La sensationnelle et
véridique histoire des sœurs Fox, qui au XIXe siècle dans une Amérique en mal
d'ancêtres et de racines inventèrent le « modern spiritualism »
rapidement popularisé sous le nom de spiritisme. Elles étaient trois. Kate, la
plus jeune, la plus allumée, la plus sincère, encombrée d'un vrai don de
médium ; Margaret, sa complice dépassée qui retombe sur ses pieds en
faisant craquer ses orteils ; Leah, leur aînée de beaucoup, qui a senti
tout le parti à tirer d'une juteuse mise en scène. Esprits frappeurs, tables
dansantes, horloges parlantes... Comme les tables, les sœurs Fox ont toutes mal
tourné et fini par céder à l'appel des spiritueux. Les hommes qui auraient pu
les stabiliser ont disparu trop vite et sans laisser de signes. D'autres en ont
abusé. Le spiritisme était un grand soufflé. Hubert Haddad y revient dans une
évocation animée d'un grand souffle.
LIRE «
Théorie de la vilaine petite fille », Hubert Haddad, éd. Zulma, 398 p., 20 €.

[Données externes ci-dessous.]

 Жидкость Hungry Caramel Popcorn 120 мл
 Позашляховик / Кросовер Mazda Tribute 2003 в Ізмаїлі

Deux frères. Là où d'autres
se ressemblent comme ce qu'ils sont, ceux-là, tout les sépare. L'aîné, militant
syndical sur le port de Marseille, une petite vie sous le poids des
responsabilités. Le cadet, un chien fou, habitué des mauvais coups et que le poids
des condamnations ne dissuade pas de continuer à mener la belle vie.

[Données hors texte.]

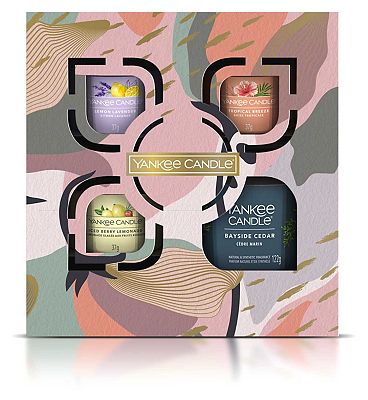 Yankee Candle Small Tumbler & Filled Votive Giftset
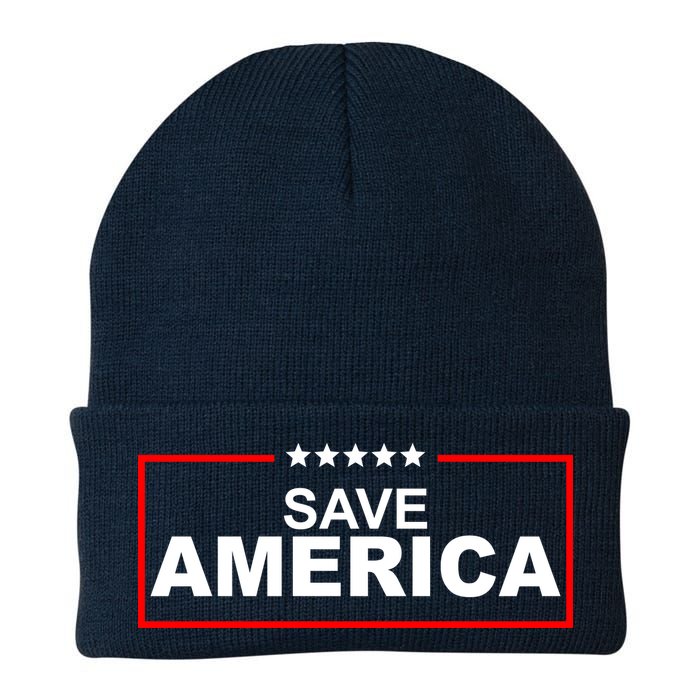 Save America Political Beanie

L'insouciant vient de se fourvoyer dans un casse sanglant sur le port de
Dunkerque. Les deux frères se retrouvent dans les vagues de la côte atlantique
où sont leurs souvenirs d'enfants. L'un en vacances, avec une femme partie pour
le quitter, l'autre en cavale, pour qui ne comptent plus ses conquêtes
esquintées. Ils sont trop dissemblables pour se comprendre et parvenir à
s'aider. Pour l'un comme l'autre, plus de planche de salut.
Des romans pour ados qui
étaient son domaine, l'auteur ici se jette à l'eau et se lance dans le grand
bain. Magnifique plongeon.
LIRE « Baignade surveillée »,
Guillaume Guéraud, éd. du Rouergue, 125 p., 13,80 €.
Écrivain, journaliste,
correcteur et sur le point de raccrocher, un homme de lettres se jette à corps
perdu dans une dernière œuvre : sur fond de campagne normande, il
entreprend de remonter la piste d'un « chameau ». Non pas l'animal à
deux bosses qui n'a jamais la dalle en pente, mais un pupitre à doubles
plateaux inclinés sur lequel on est deux à bosser. Il en a hérité le jour où
son journal a fermé. Ce chameau, assemblage de bois de récupération, planches
de cercueil ou de tables, mélange de cerisier, châtaignier, houx, frêne et
poirier, lui est un compagnon fidèle. Ils ont traversé ensemble des déserts aux
petites heures et les révolutions techniques qui ont mené à l'écriture
numérique. De registres de notaires en calepins d'ébénistes, l'écrivain piste
la bête et d'un pas lent et poétique, reconstitue un voyage qui, mirage ou
illumination, en vient à croiser la route de Flaubert et de ses illustres
copistes.
LIRE « À
bois perdu », Alain Galan, éd. Buchet-Chastel, 188 p., 14 €.
Ce
qui est bien avec Jacques A. Bertrand, ces derniers temps, c'est qu'il est tout
le temps malade et que plus il est malade, plus il en remplit des livres et que
plus il en remplit des livres, plus il est impayable. Selon les cas, il est
malade de lui-même qu'il n'aime pas ou aime trop, ou malade des autres, qui
sont des sales types, d'incorrigibles croyants ou quelque chose un peu
correspondant. Cette fois-ci, c'est introspectif. Son appareil digestif lui
fait des misères. Rigolez pas, l'affaire est grave. Du pavillon des cancéreux,
la tombe est à deux pas. Le malheureux passe à côté encore une fois, au prix du
sacrifice de quelques pièces détachées. Et relate ça sur le ton qui convient.
Souhaitons longue vie à Jacques A. Bertrand et de nombreuses maladies à venir.
Qu'il en réchappe joyeusement et qu'il en tartine des romans à rechutes. À le
lire, en attendant, on est morts de rire.
LIRE « Comment j'ai mangé mon estomac », Jacques A.
Bertrand, éd. Julliard, 111 p., 14 €.